[Start of section]

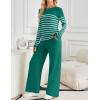 imageZESICA Womens 2 Piece Lounge Sets 2025 Fall Long Sleeve Striped Knit Fitted Tops Wide Leg Pants Pajama Sets OutfitsTeal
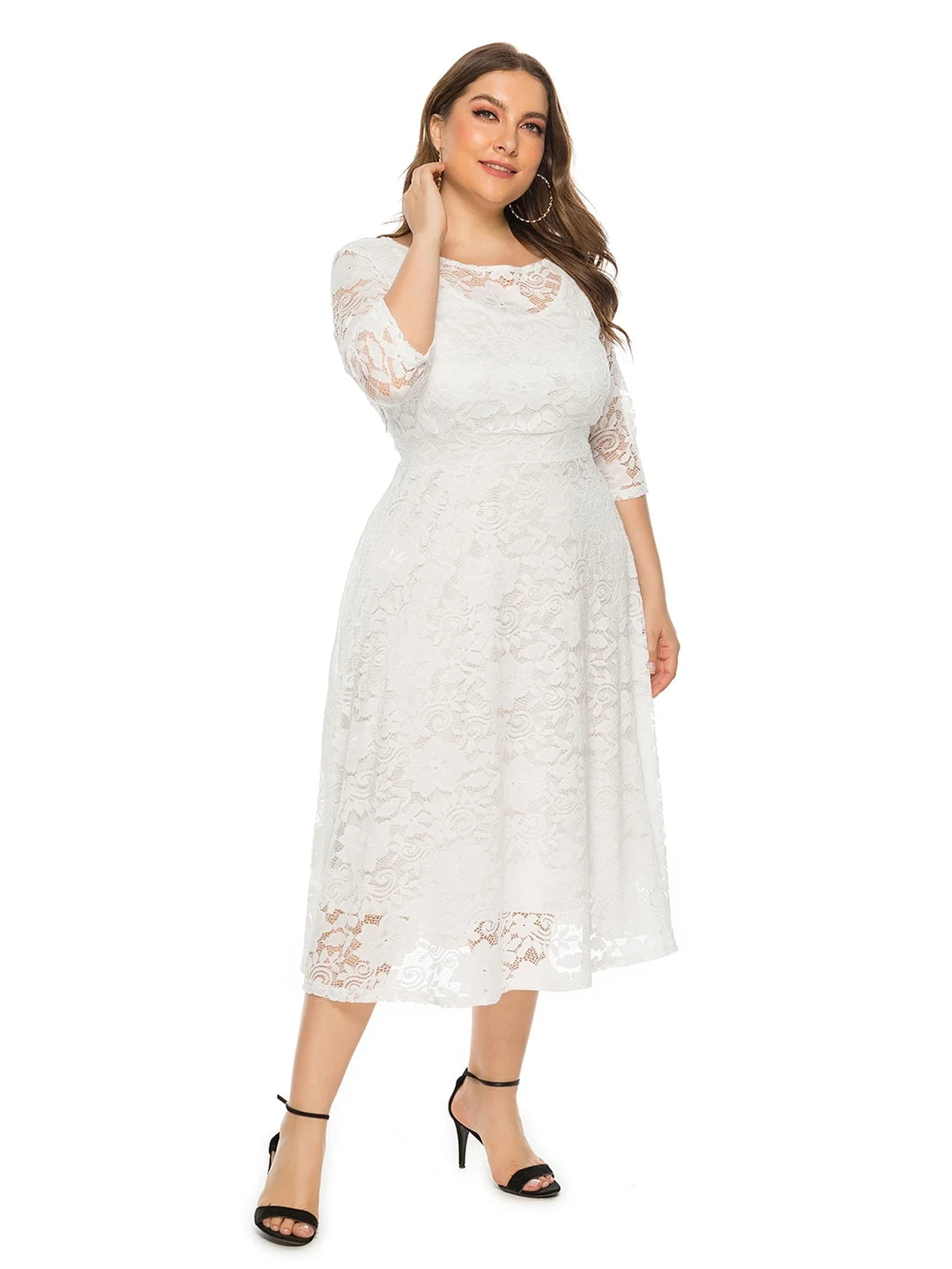Plus Size Midi Dress with Contrasting Lace-Black-XL-State of Style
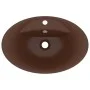 Lavabo lujoso ovalado rebosadero cerámica marrón oscuro mate de vidaXL, Lavabos - Ref: Foro24-146940, Precio: 60,14 €, Descue...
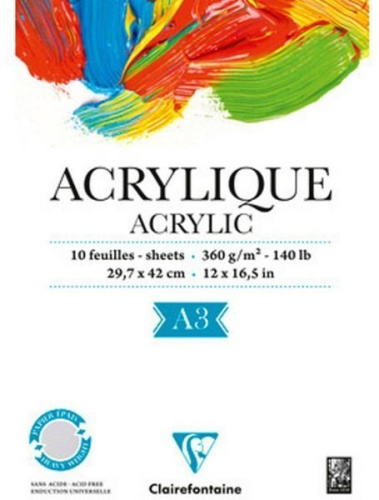 Альбом-склейка для акрила Clairefontaine "Acrylic" 29,7x42 см 10 л 360 г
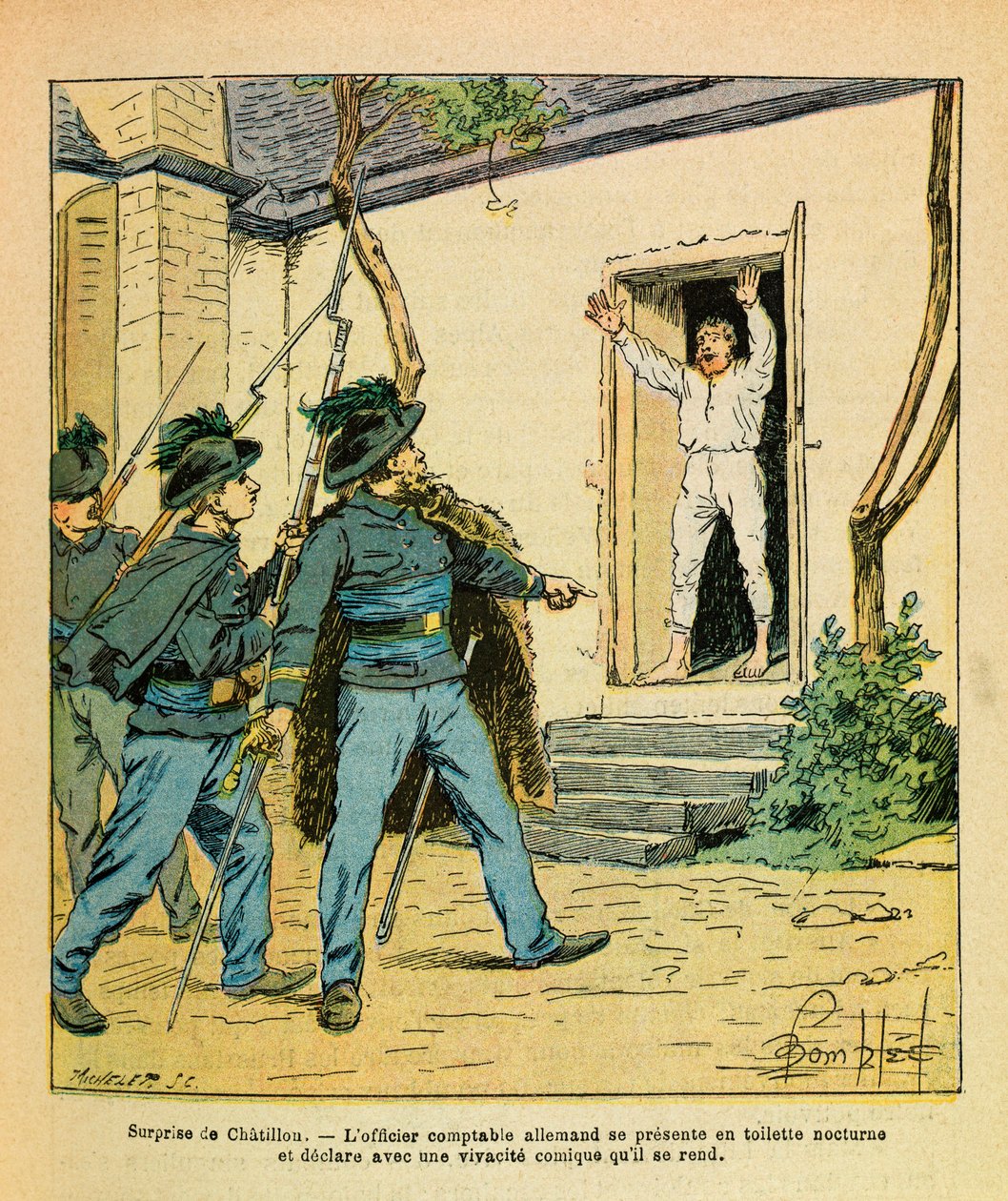 November 1870, In Chatillon sur Seine, kapitein Michard nam de Duitse boekhouder gevangen in het hotel de la Cote d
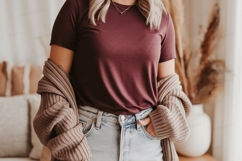 Maroon shirt light jeans cozy cardigan image Product Image 1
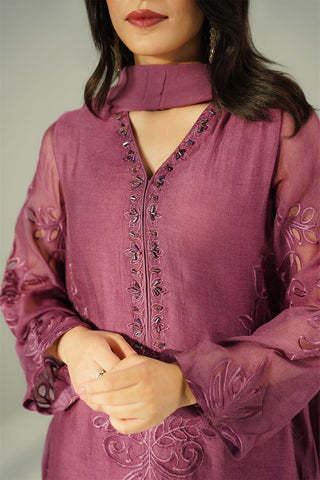 3 Piece Khadi Net Embroidered (FL0210)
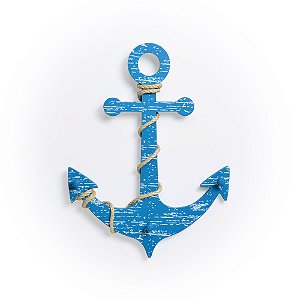 ORNAMENTO DE MADEIRA COM 03 GANCHOS - ANCORA G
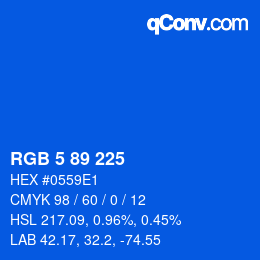 颜色代码: RGB 5 89 225 | qconv.com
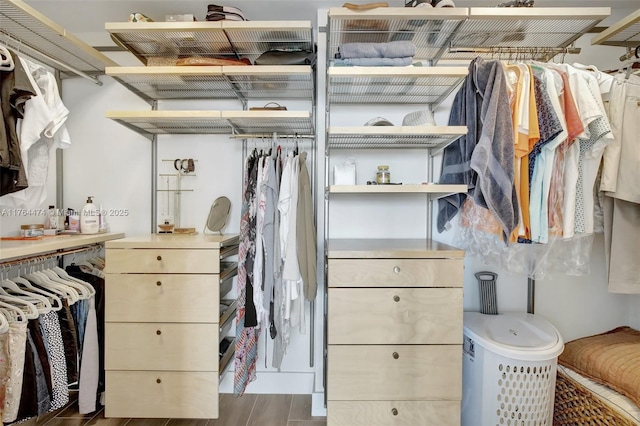 spacious closet with wood finished floors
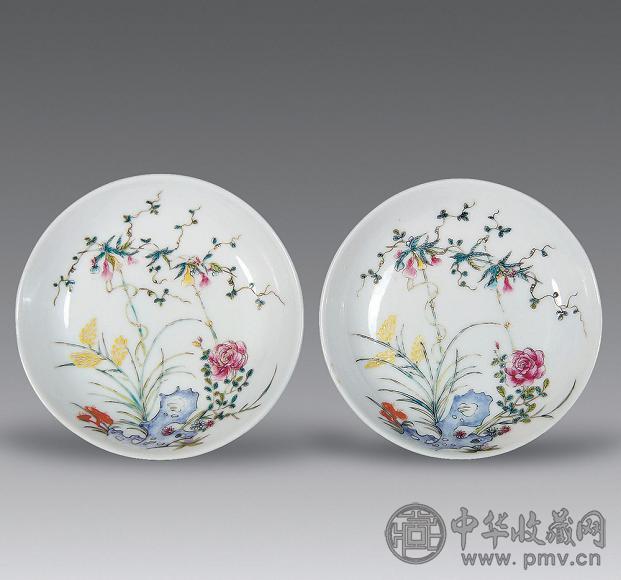 清 粉彩花卉纹碟(1对) 清 粉彩花卉纹碟(1对)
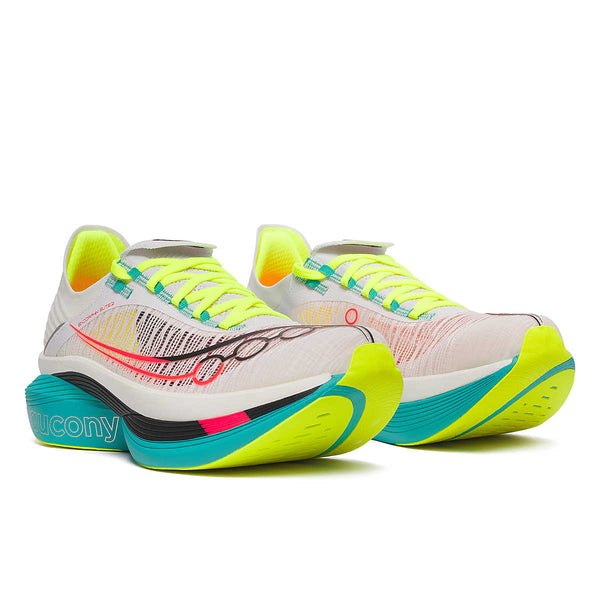 Pair of Saucony elite Carbon plated colorful running shoes with a white background.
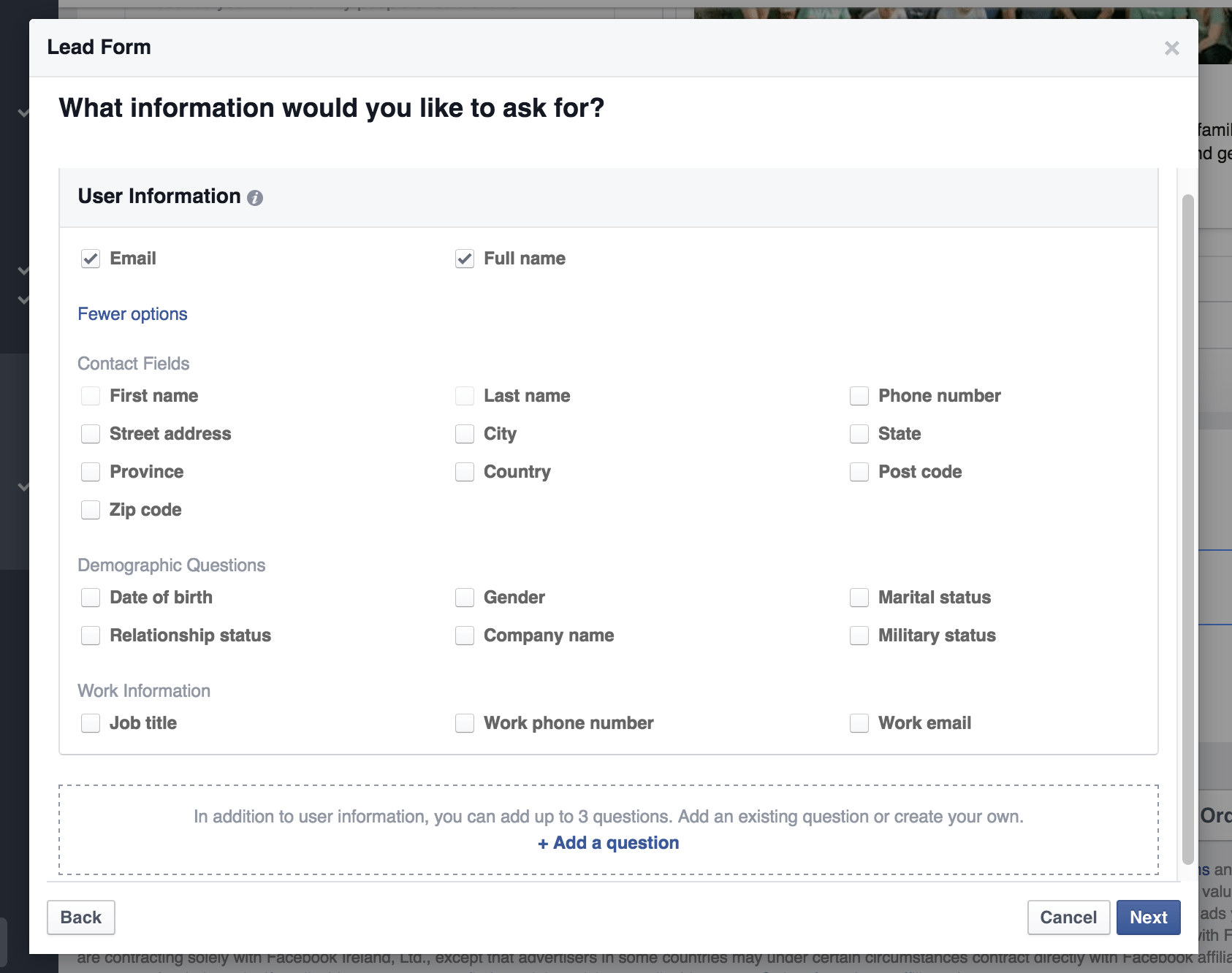 Facebook lead form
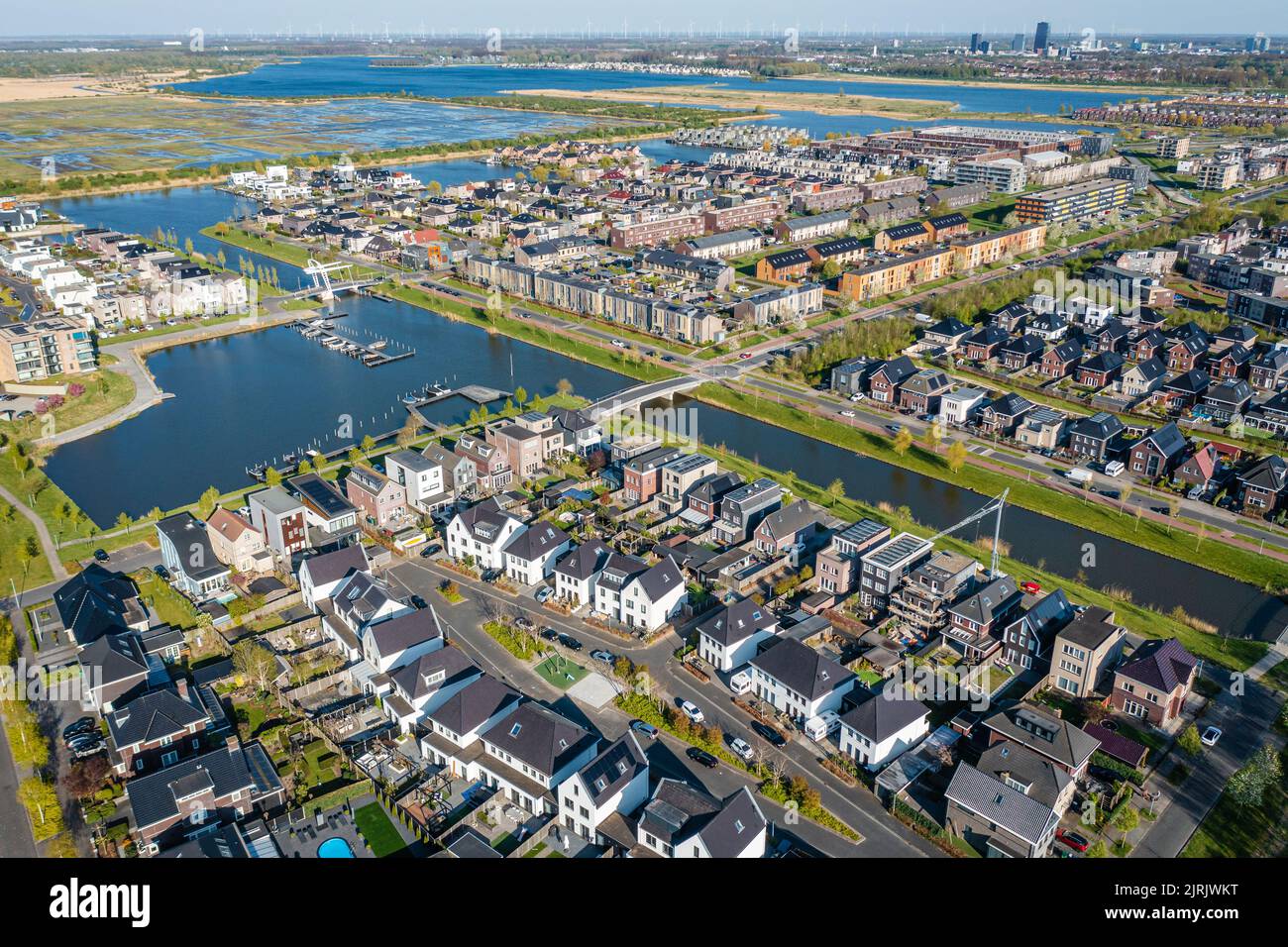 Modern green neighbourhood in Almere, The Netherlands, surrounded by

[End of section]

• Assignment
The output must start at the line holding "清 粉彩花卉纹碟(1对) 清 粉彩花卉纹碟(1对)", end at the last line of the listing above, and show each line exactly; please omit all pictures.

• Task solution
 清 粉彩花卉纹碟(1对) 清 粉彩花卉纹碟(1对)
 Pair of Saucony elite Carbon plated colorful running shoes with a white background.
 Facebook lead form
 Modern green neighbourhood in Almere, The Netherlands, surrounded by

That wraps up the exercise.